Creating tables with UPI and NUPI:
CEATE TABLE Table1 ( Col1 INTEGER, Col2 INTEGER ) UNIQUE PRIMARY INDEX (Col1);
CEATE TABLE Table2 ( Col1 INTEGER, Col2 INTEGER ) PRIMARY INDEX (Col2);
Hash allocation of strings
The Primary Index value is passed to the hashing algorithm, which ensures uniform distribution of unique values among all AMPs. The algorithm produces a 32-bit hash value. The first 16 bits (Hash Bucket Number) are used as a pointer to a hash map (Hash Map). Hash values are calculated using a hashing algorithm. The hash card is uniquely configured for each system; it is an array that binds the DSW (statistics key) to a specific AMP. Two systems with the same number of AMPs will have the same hash card. Changing the number of AMPs in the system requires changes in the hash map.
NoPI Table
NoPI- table is a
table without Primary Index (feature of the 13th version of Teradata). In this case, new rows are always added to the end of the table and are never added to the middle of the hash sequence.
Rows will also be distributed between AMPs. A new random code will determine which AMPs will receive strings or groups of strings. Within AMP, rows are simply added to the end of the table. They will have a unique identifier, which increases the uniqueness of the value.
Benefits:
The table will reduce the offset in intermediate tables ETL (Extract, Transform, Load — Extract, transform, load) that do not have a Primary Index.

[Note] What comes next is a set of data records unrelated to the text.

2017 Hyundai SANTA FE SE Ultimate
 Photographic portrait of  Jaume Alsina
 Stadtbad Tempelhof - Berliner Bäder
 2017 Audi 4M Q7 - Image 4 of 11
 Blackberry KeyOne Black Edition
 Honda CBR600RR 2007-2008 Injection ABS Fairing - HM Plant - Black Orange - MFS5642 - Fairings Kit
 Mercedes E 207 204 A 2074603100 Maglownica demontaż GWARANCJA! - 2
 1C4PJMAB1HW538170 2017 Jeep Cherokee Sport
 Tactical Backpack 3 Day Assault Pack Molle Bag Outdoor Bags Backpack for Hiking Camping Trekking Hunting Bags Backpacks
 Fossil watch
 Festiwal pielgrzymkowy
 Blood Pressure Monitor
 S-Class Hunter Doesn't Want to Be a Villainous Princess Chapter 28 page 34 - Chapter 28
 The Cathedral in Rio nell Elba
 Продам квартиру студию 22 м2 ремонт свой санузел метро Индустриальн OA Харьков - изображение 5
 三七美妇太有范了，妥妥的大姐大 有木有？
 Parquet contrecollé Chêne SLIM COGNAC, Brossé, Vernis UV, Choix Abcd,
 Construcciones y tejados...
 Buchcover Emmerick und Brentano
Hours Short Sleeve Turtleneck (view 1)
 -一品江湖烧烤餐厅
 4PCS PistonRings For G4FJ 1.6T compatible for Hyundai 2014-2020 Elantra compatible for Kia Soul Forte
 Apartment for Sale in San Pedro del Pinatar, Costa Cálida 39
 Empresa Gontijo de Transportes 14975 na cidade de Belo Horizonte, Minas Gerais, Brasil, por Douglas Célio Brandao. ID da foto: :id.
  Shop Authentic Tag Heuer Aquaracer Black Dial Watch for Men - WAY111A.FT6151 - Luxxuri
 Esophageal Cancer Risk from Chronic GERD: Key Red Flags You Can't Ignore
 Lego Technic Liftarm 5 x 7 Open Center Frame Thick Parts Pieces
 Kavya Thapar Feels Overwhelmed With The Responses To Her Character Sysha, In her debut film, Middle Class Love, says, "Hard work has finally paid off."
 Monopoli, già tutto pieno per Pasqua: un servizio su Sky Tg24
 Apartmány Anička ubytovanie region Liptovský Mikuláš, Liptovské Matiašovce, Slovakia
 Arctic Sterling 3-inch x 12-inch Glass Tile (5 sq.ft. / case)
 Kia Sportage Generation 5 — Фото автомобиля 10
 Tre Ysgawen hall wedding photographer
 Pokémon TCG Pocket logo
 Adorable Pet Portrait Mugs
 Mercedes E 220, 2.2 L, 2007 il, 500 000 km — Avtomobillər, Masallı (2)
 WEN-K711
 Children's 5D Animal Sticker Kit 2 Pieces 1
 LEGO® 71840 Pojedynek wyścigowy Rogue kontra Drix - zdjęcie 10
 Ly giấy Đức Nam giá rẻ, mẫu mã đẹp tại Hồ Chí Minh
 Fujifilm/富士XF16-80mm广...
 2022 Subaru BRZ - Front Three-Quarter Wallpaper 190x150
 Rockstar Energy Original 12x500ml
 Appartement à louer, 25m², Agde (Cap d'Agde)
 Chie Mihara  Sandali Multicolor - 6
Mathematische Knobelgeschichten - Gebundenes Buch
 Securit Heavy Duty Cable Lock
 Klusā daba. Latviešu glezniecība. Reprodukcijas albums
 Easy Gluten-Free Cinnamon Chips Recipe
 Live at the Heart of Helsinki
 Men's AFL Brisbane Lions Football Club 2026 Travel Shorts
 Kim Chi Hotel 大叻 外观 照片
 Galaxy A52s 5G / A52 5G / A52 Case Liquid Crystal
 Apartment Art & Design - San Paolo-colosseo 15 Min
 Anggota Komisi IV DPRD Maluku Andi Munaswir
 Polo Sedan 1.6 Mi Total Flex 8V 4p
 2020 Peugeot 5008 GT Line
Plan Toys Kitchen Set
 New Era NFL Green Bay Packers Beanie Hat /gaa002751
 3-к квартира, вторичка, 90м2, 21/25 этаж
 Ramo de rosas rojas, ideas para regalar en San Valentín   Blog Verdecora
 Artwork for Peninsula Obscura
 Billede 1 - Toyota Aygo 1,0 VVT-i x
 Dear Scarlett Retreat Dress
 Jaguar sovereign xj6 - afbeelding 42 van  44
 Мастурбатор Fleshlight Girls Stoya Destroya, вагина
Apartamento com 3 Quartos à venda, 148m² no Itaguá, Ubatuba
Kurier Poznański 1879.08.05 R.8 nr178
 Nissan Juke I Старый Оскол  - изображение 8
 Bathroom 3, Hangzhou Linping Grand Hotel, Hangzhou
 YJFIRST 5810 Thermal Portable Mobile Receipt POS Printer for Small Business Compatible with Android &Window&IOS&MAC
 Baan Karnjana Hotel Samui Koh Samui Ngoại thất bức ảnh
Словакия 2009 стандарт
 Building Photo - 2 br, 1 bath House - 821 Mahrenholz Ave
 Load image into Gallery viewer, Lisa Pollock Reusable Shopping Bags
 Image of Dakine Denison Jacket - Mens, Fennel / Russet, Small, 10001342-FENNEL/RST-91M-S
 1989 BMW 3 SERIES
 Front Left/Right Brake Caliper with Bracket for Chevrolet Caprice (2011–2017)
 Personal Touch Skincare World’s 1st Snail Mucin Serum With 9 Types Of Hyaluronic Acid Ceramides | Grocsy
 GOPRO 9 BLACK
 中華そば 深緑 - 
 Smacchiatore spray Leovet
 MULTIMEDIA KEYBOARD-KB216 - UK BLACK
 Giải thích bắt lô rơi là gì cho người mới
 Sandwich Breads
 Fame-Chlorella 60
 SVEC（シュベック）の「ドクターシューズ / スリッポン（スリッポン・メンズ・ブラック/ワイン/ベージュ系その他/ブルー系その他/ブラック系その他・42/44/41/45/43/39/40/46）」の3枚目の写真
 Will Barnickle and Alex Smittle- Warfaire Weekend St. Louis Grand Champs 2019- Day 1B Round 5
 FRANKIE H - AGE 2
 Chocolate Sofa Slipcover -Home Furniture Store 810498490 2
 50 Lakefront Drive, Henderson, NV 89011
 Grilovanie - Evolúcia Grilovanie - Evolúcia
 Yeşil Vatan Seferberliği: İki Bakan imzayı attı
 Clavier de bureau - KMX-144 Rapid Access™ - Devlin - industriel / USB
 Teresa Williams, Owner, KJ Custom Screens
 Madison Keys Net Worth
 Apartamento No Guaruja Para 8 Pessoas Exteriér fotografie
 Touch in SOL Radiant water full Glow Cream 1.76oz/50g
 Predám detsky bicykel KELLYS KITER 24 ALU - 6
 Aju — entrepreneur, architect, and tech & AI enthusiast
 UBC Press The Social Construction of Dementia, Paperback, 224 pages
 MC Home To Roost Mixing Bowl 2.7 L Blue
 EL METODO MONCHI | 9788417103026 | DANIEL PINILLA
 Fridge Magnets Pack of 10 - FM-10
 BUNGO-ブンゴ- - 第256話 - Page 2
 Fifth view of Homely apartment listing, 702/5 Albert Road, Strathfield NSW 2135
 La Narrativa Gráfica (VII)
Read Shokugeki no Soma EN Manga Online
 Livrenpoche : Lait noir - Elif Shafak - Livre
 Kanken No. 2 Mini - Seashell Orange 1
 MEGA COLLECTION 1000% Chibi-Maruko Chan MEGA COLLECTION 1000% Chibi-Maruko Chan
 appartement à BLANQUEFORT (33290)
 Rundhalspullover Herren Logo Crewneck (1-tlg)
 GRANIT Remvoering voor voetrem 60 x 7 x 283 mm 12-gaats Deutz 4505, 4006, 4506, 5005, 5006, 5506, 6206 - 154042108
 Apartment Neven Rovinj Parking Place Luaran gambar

Downloads (FastLoad and TPump Array Insert) in the NoPI intermediate table are faster.
PPI and MLPPI
PPI (Partitioned Primary Index) is a partitioning mechanism that is used to improve performance for large tables when sending queries that specify a range limit.
Data distribution using PPI is based on PI: Primary Index -> Hash value -> AMP definition, which will get the string. With NPPI (No Partitioned Primary Index), the rows in the AMP are arranged in the order of the hash rows. When using PPI, strings are first arranged by partitions, and then in the order of the hash strings.
MLPPI (Multi-Level Partitioned Primary Index) allows for multipartitioning or the use of an uncompressed Join Index. In multilevel partitioning, each partitioning level is determined independently using the
RANGE_N or
CASE_N expressions .
The goal of partitioning (partitioning) is to reduce the load on the system if the data in the table is rarely or even never updated (for example, various logs).
PSJust today, we published an article
Physical Design of Storage Structures in the Teradata DBMS on the Teradata blog, so I will not write about the
Secondary Index .
I hope the company will continue the regular series of articles, and I will not have to translate the documentation from English.